START TASK MATERIAL
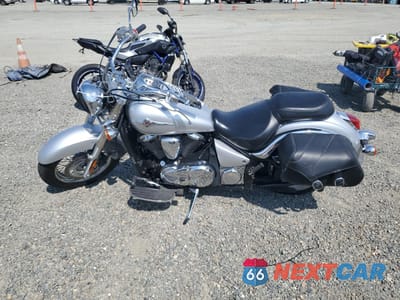 Trzecie zdjęcie samochodu z tyłu: 2006 KAWASAKI VN900 B VIN:JKAVN2B196A007762 - miniatura
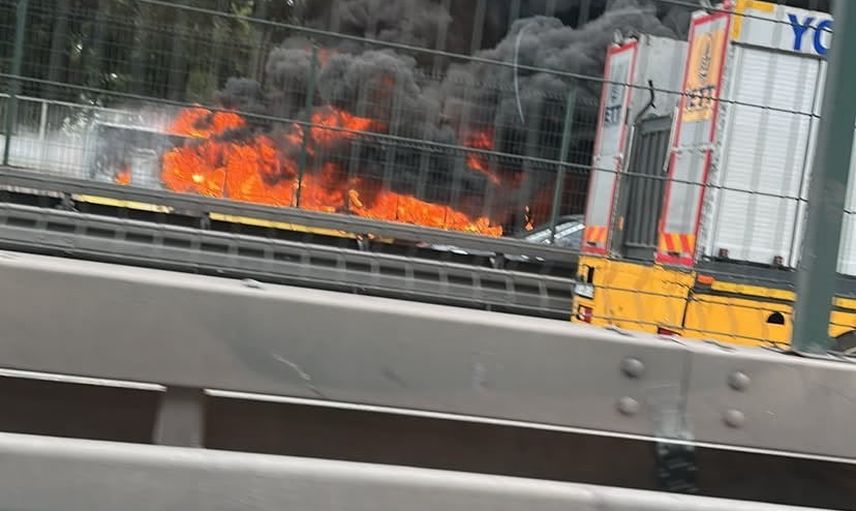 Bakırköy'de İETT otobüsü alev aldı, itfaiye sevk edildi
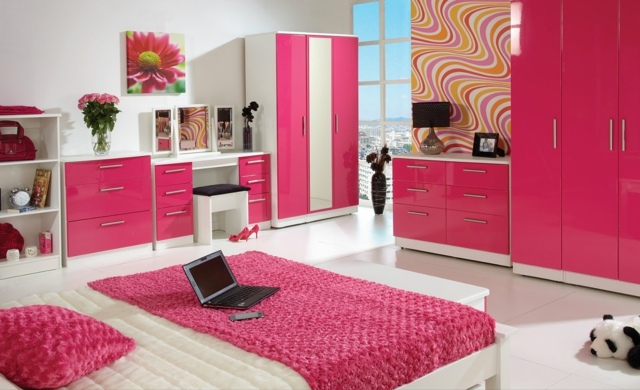 decoration chambre de fille rose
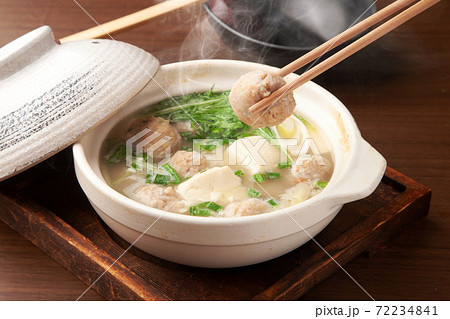 鶏つみれと豆腐の鍋 72234841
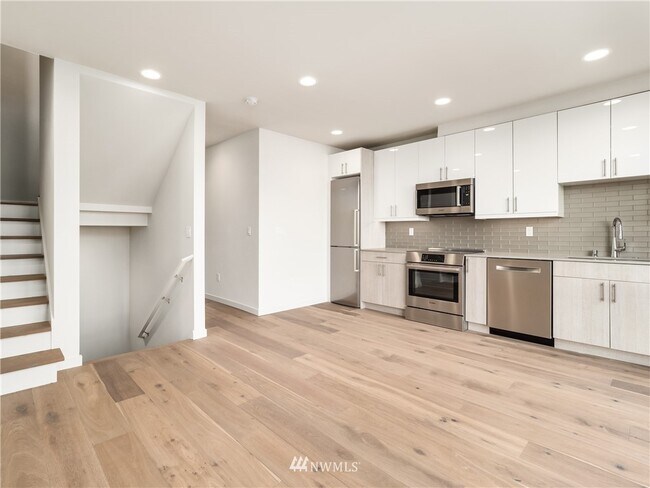 Kitchen/Living Space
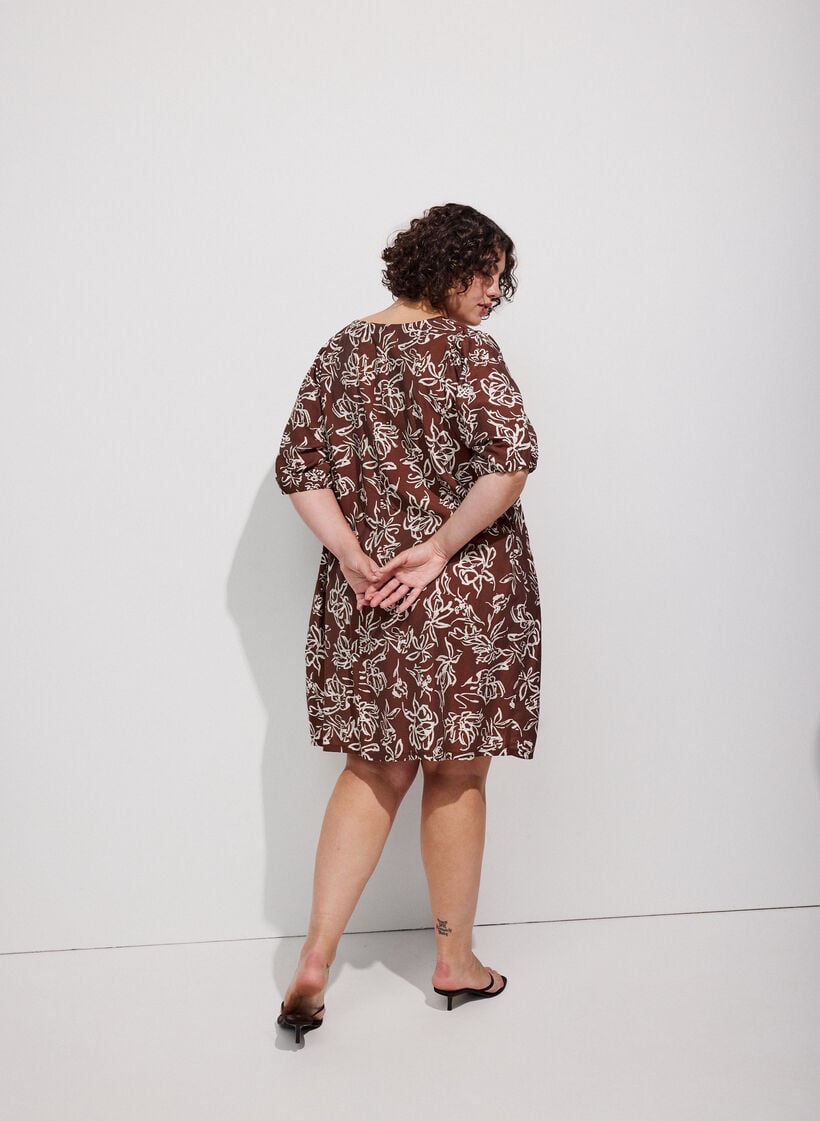 Robe courte coupe &eacute;vas&eacute;e avec col en V, Marron, Image image number 0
END TASK MATERIAL
## WORK REQUEST
The expected answer is the whole listing above, copied exactly, with images excluded.

## FINISHED TASK
 Trzecie zdjęcie samochodu z tyłu: 2006 KAWASAKI VN900 B VIN:JKAVN2B196A007762 - miniatura
 Bakırköy'de İETT otobüsü alev aldı, itfaiye sevk edildi
 decoration chambre de fille rose
 鶏つみれと豆腐の鍋 72234841
 Kitchen/Living Space
 Robe courte coupe &eacute;vas&eacute;e avec col en V, Marron, Image image number 0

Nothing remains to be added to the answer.